# Take Home Cruiser stories



## Hush (Feb 1, 2009)

Just read a great thread over on the Lightfighter.net tactical forum about officers that have take home vehicles, and the wacky people that show up on their doorstep during off-duty time. Some funny, some chilling. Anyone on here have similar stories that are worth sharing? Some highlights:

"The other day this lady knocks on my door, waking me up, saying her ex-boyfriend is harassing her. I immediately say there's not much I can do about it right now (seeing as how I was still in sleep pants and an old t-shirt, just waking up at 2PM....I explained to her I worked night shift) but ignoring the common sense approach, she asks if I can accompany her over to his apartment (immediately of course) and tell him to leave her alone. 
I told her to call the PD and speak with an officer who currently looked like an officer and who wasn't off-duty. Yet even at that point she couldn't see why I wouldn't help her but did return to her own apartment. 
Here's the best part: she did call the PD when she got home.....to complain on me for not helping her!!!" 

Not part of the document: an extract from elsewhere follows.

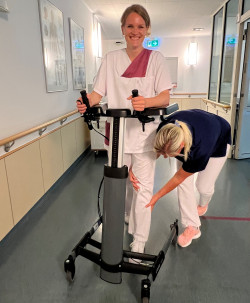 So fühlt sich ein Gehwagen an | © Kliniken Beelitz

"Right after I started day-shift, I was enjoying some late-night TV with the wife after the kids were put to bed, when there was a knock at our front door. When I answered the door (gun in hand) there was a man I had never seen before. He asked "Are you the Sheriff?" I informed him I received deputy pay and that THE Sheriff lived in a nicer neighborhood. He then stated he lived THREE streets away and had locked his keys in his car. He wondered if I had a lock out kit.
I asked him what he did for a living and his answer was plumber. I asked him if he had very many people knocking on his door at 11:00 pm asking for a plunger. Told him to go home, call a wrecker from the phone book and then I shut the door on him."

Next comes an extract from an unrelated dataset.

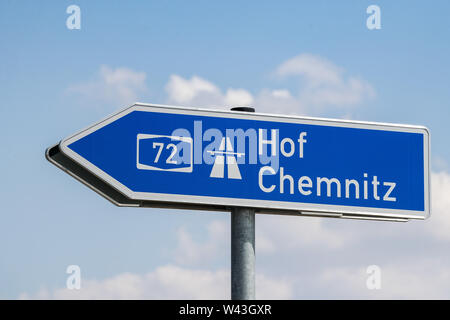 18 Juli 2019, Sachsen, Borna: Ein Schild zeigt den Weg zu den 72. Bauarbeiten auf der Autobahn A 72 von Chemnitz nach Leipzig macht Fortschritte. Anfang August, der vorletzte Abschnitt Borna-Rötha in Richtung Chemnitz ist für den Verkehr geöffnet werden, wie durch das Landesamt für Straßenbau und Verkehr in Dresden angekündigt. Die allgemeine Freigabe für Abschnitt 5.1 ist für Ende September geplant. Es ist etwa 9,5 Kilometer lang und kostet rund 144 Millionen Euro. Im kommenden Jahr wird es einige verbleibende Arbeit. Der Rückbau der B95 ist bis Ende abgeschlossen sein Stockfoto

"I park my truck behind the house. You would have to drive around back to see.
However, that has not always been the case.
Example: patrolling the street one day, I saw a hood rat that had a warrant. I got out to talk to him and he took off. A chase ensued and he got away.
Flash forward to about 9 p.m. same day. I am at home with the wife. Doorbell rings, the wife answers the door and then tells me some hood rat wants to see me.
I go to the door and same guy asks me why I was looking for him earlier. He also has another guy with him. I say "hold on." and shut the door, tell the wife to call the P.D. and get an officer en route. throw on a pair of shorts, stick a pair of cuffs in the small of the back,along with my beretta, and go outside to prone the guy out on the floor of my carport. I tell the other guy he had better disappear and if he ever came on my property again, I would kill him.
The P.D. officer came and gave the guy a ride to jail. He also got the future visit speech, and come to think of it, I havn't seen him since.







 "

"Two take-home related stories come to mind:
The first... One night, a frequent flyer drove all over town until she found a patrol car she thought was mine at a house. Knocking on the door, she found that it wasn't me that lived there, but a coworker. She explained that she needed to report the much belated sexual assault of a third party. My coworker, annoyed to have been bothered at his house by someone looking for me, and always glad to hand off a call, _*walked the RP two doors down to my house *_handed her off and went home. The second... In that same neighborhood lived a gal and her family members, who all had assorted problems they frequently reported at my doorstep. She was living the fast food dream in her employment at Burger King, and I saw her there pretty frequently. During one visit to my house to report some hurt feelings, she exhausted the last of available good graces. Interrupting her, I asked:
_Do you have hamburger at your house? 
"Ummm, yeah, I guess so." 
Do you have lettuce, tomatos, mayonaisse, pickles and onions? 
"Yeah." <confused>
Do you have buns? And ketchup?
"Yeah. What does that mean?"
You have all those things at home, but do I come to your house and order a Whopper? Where should I go if I need a Whopper, Sally? _
She got the point. 
Passer-bys sometimes stop to ask a question here and there. It goes with the territory, generates good PR and goodwill, so I try not to let it bother me too much."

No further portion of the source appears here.